--- DATASET EXCERPT ---
+-------+

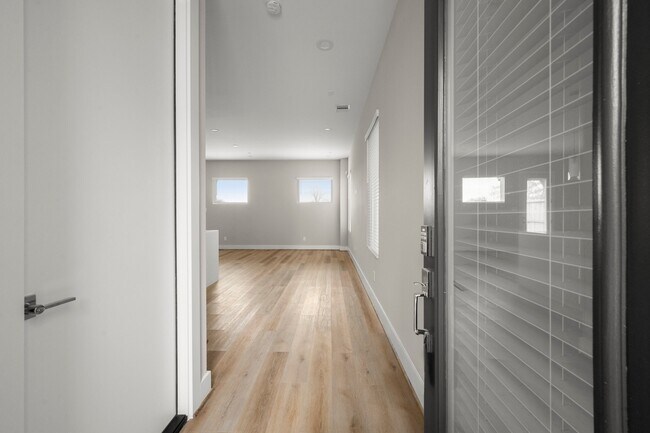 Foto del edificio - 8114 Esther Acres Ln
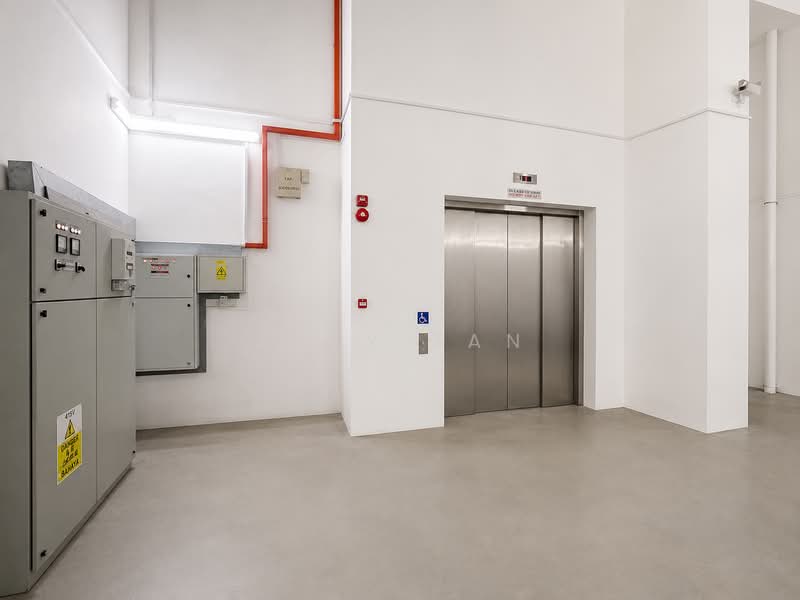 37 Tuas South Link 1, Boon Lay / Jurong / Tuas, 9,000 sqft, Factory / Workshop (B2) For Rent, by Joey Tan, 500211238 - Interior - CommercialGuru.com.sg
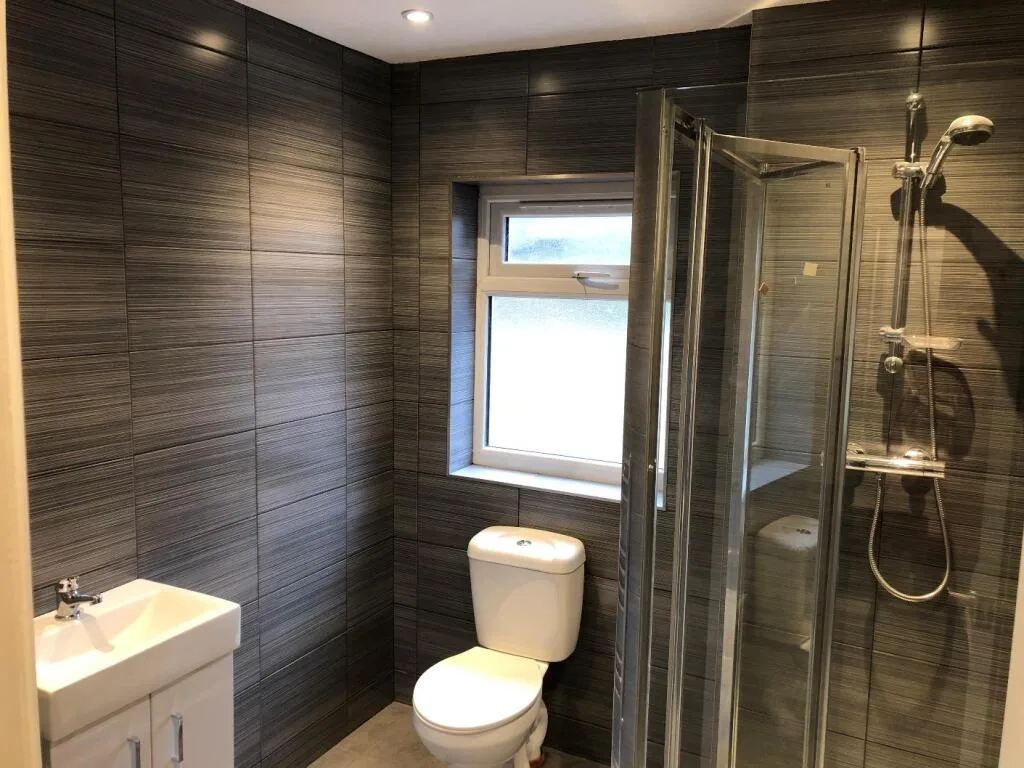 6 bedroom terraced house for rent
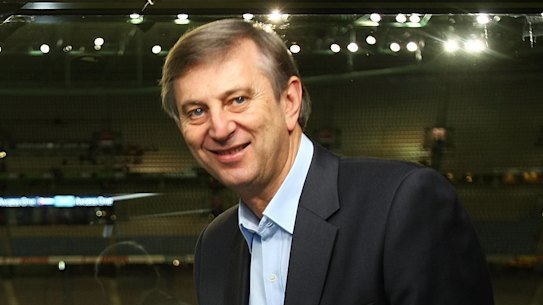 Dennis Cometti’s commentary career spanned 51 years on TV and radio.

+-------+

--- ACTION ITEM ---
Reproduce all lines above exactly. Leave the images out.

--- SOLUTION ---
 Foto del edificio - 8114 Esther Acres Ln
 37 Tuas South Link 1, Boon Lay / Jurong / Tuas, 9,000 sqft, Factory / Workshop (B2) For Rent, by Joey Tan, 500211238 - Interior - CommercialGuru.com.sg
 6 bedroom terraced house for rent
 Dennis Cometti’s commentary career spanned 51 years on TV and radio.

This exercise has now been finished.